After total hip arthroplasty, the contact stress spot between the femoral head and the liner can easily move from the liner's inner surface to its contour edge under different gaits, resulting in edge loading (EL) at the liner edge. The occurrence of EL will reduce the mechanical properties of the liner, increase the wear of the hip prostheses, and reduce the service life of hip prostheses and the quality of life of patients. EL is related to the prosthetic mounting position, geometric design, and patient motion status. This study aimed to investigate the contact mechanics and EL of elevated-rim liner edges at different gaits and mounting positions to guide clinical prosthesis mounting and postoperative rehabilitation of patients.

In this study, we developed a finite element analysis model of elevated-rim liner contact mechanics and hip joint EL under gait loading based on a metal-on-polyethylene contact bearing. Four gaits (normal walking, ascending stairs, descending stairs, and deep squatting) common to the patient's daily life were used as kinetic inputs to the finite element model. The model considered the radiographic inclination and anteversion of the acetabular cup at relatively extreme positions and the elevated rim of the liner at different orientations in human body.

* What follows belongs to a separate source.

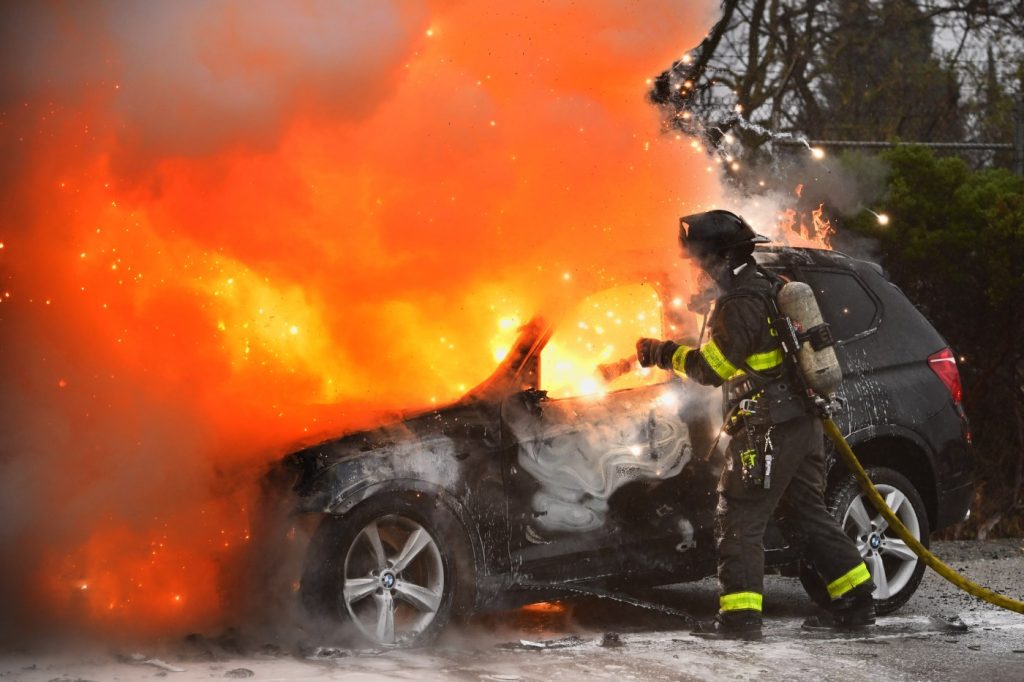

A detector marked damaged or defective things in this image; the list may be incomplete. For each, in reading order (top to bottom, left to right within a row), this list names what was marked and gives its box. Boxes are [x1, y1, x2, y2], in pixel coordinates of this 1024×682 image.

After finite element mesh sensitivity analyses, mechanical results such as contact stresses, EL, EL duration, equivalent plastic strain, and volume of the equivalent plastic strain of the elevated-rim liner were investigated.

The finite element results showed that the maximum surface normal contact stresses on the inner surface of the elevated-rim liner under normal walking, ascending stairs, descending stairs, and deep squatting gaits were 11.60, 12.44, 11.96, and 12.07 MPa, respectively, with no significant difference. The maximum surface contact stresses on the liner where EL occured were 3.29, 3.40, 4.85, and 4.45 MPa, respectively. The ratios of the EL duration to the gait cycle were 14%, 34%, 50%, and 54%, respectively. The maximum equivalent plastic strains were 2.82×10^-4, 4.89×10^-4, 5.31×10^-4, and 6.56×10^-4, respectively, and the volumes where the equivalent plastic strains occurred were 37.07, 65.01, 67.66, and 150.00 mm³, respectively.

The equivalent plastic strain of the elevated-rim liner, the volume in which plastic deformation occurs, and the EL of the elevated-rim liner and its duration all increase with the radiographic inclination and anteversion of the acetabular cup. Compared with the other three gaits, the deep squatting gait is more likely to cause plastic deformation of the liner and consequently the most damage to the liner. Therefore, patients should avoid movements with high flexion after total hip arthroplasty. Placing the elevated rim of the liner on the posterosuperior side of the body and the radiographic inclination of the acetabular cup no less than 50° can avoid EL and significantly reduce the plastic strain of the liner. Total hip arthroplasty should consider not only the patient's postoperative impingement-free range of motion but also the mechanical condition of the patient's postoperative prostheses, thus prolonging the life of the prostheses.